Auguri Massimo!
da Stefano Rolando
Tra il 1980 e il 1982 ero passato dal ruolo di assistente di Paolo Grassi a quello di assistente di Sergio Zavoli. Svolgendo sia la mediazione tra la presidenza della Rai e l’azienda sia quella tra il Psi e l’azienda, al cui delicato compito mi aveva chiamato nel 1979 Claudio Martelli per il semplice e inconsueto fatto che ero il più giovane della compagnia, che non appartenevo alle vecchie cordate socialiste dell’azienda, che addirittura (chiamato direttamente da Grassi) non ero entrato in Rai per mediazione della politica.
A Massimo Fichera in quel periodo era stata tolta la direzione della seconda rete tv perchè “promosso” vicedirettore generale con competenza sull’innovazione (integrazione tecnologie e nuove forme produttive e distributive).
In un paese serio e in una azienda fortemente centrata sul suo futuro questa sarebbe stata una vera promozione. Ma da noi l’ amoveatur era evidente. In verità in quel periodo si consumava anche un’altra promozione.
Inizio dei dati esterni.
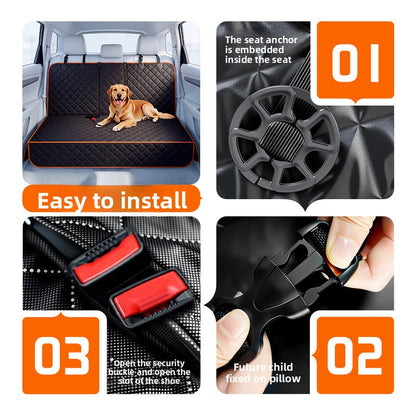 Car Pet Seat Cover Waterproof Oxford Fabric Rear Seat Dog Mat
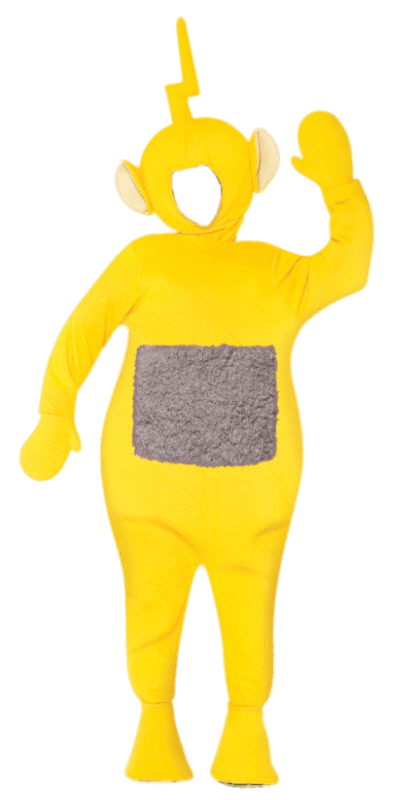 Teletubbies Lala Costume Adult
Quella di Claudio Martelli a vice-segretario del Partito Socialista, a condizione che lo stesso Martelli mollasse ogni e qualsiasi responsabilità di ciò che gli aveva fatto animare una stagione straordinaria di proposta veramente innovativa nel rapporto tra cultura e politica, nel sistema dei media e dello spettacolo, nel campo della comunicazione. Ciò che avvenne, trasformando una filiera professionale e politica che si era imposta – non solo alla Rai – in un gruppo di perdenti. Dissero che perdevano perché erano troppo teneri con i comunisti. Ma in realtà quella filiera aveva costruito “egemonia”, sia rispetto ad una Dc più disorientata (la stagione di Flaminio Piccoli), sia rispetto a un Pci anch’esso sbilanciato e fragilizzato, costretto a ragionare ideologicamente ma con molti che guardavano con interesse e invidia alla capacità di sparigliare e di promuovere cambiamento che i socialisti avevano avuto.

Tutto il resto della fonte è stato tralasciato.